Организация «предпарламента». Перейдя к вопросу о предпарламенте, обе стороны согласились отдать около четверти мест в нем (120-150) цензовым элементам. При совещательном характере этого органа отпадала необходимость спорить из-за численного состава представительства «буржуазии», хотя последствия и показали, что результаты голосования в предпарламенте были далеко не безразличны для хода событий. Зато по вопросу об ответственности цензовые элементы остались тверды и не согласились на признание хотя бы даже одной «фактической» ответственности правительства перед предпарламентом. Не согласились они и на немедленное признание предпарламента в составе одних демократических элементов, уже выбранных демократическим совещанием, законно действующим государственным учреждением. Предварительно он должен был быть пополнен цензовыми элементами, разумеется, в скорейшем времени.

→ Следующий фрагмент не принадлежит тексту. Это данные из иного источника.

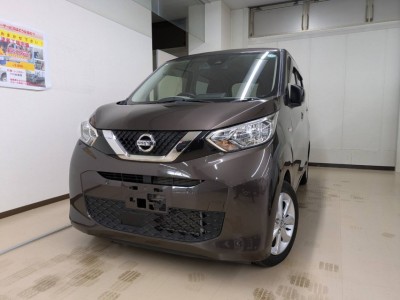 ニッサン デイズ 3枚目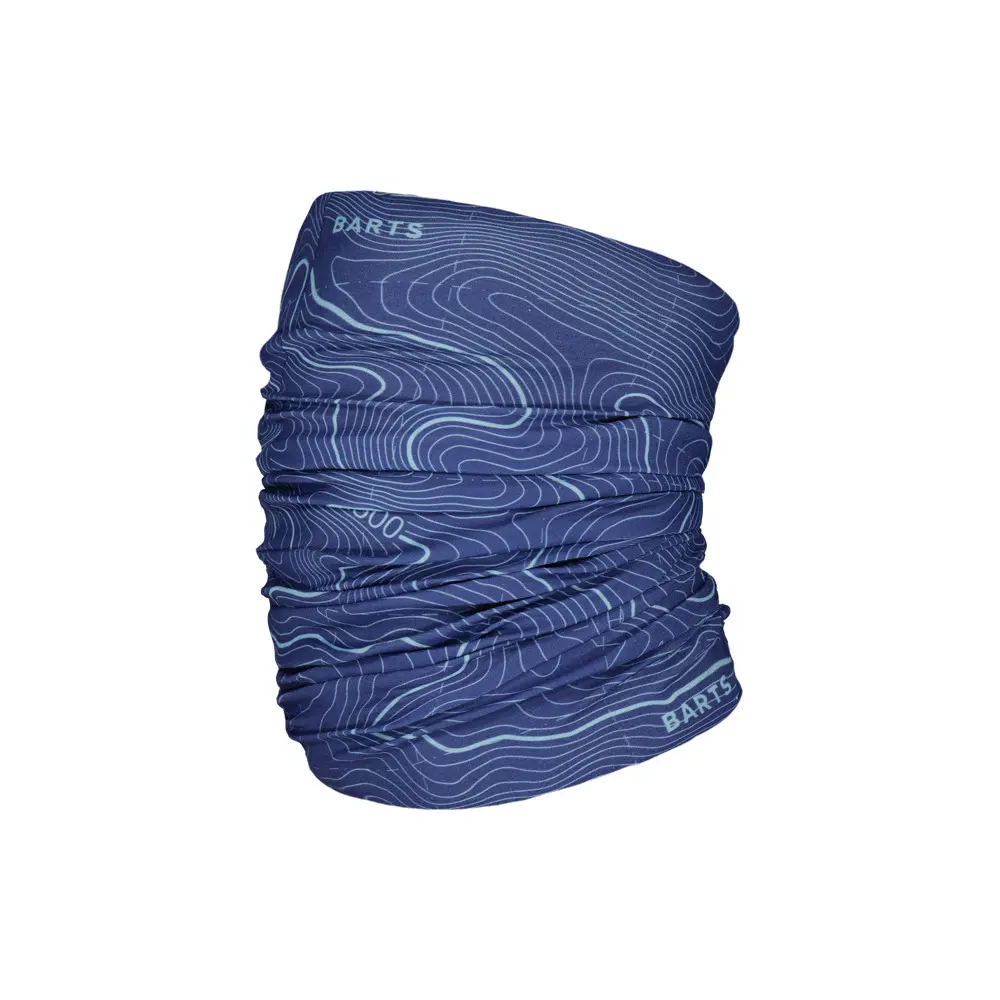 Multicolor Halswärmer Barts Topographic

Компетенция предпарламента была также определена согласно желанию цензовых элементов: он мог обращаться к правительству с «вопросами» (в смысле ст. 40-й Учреждения о Думе), но не с «запросами» (на последние ответ правительства был бы обязателен в определенный срок, и голосование могло бы повести к последствиям, равным выражению недоверия), вырабатывать законодательные предположения, но с тем, что для правительства они имеют только значение материала, и обсуждать вопросы, внесенные правительством или поставленные самим предпарламентом, но только в совещательном порядке, без вынесения обязательных для правительства решений. Предложение о роспуске Думы цензовые элементы отвергли, как практически ненужное, а политически нецелесообразное и демагогическое. Вожди «революционной демократии» предоставили себе право возбудить этот вопрос через министров-социалистов в будущем Временном правительстве. Наконец, требование «демократии» иметь своего собственного представителя на конференции союзников в Париже 16 октября (для предложения «демократического мира») было принято в измененной форме, демократия укажет своего кандидата, но назначен он будет правительством и представлять на конференции должен только точку зрения всей правительственной делегации.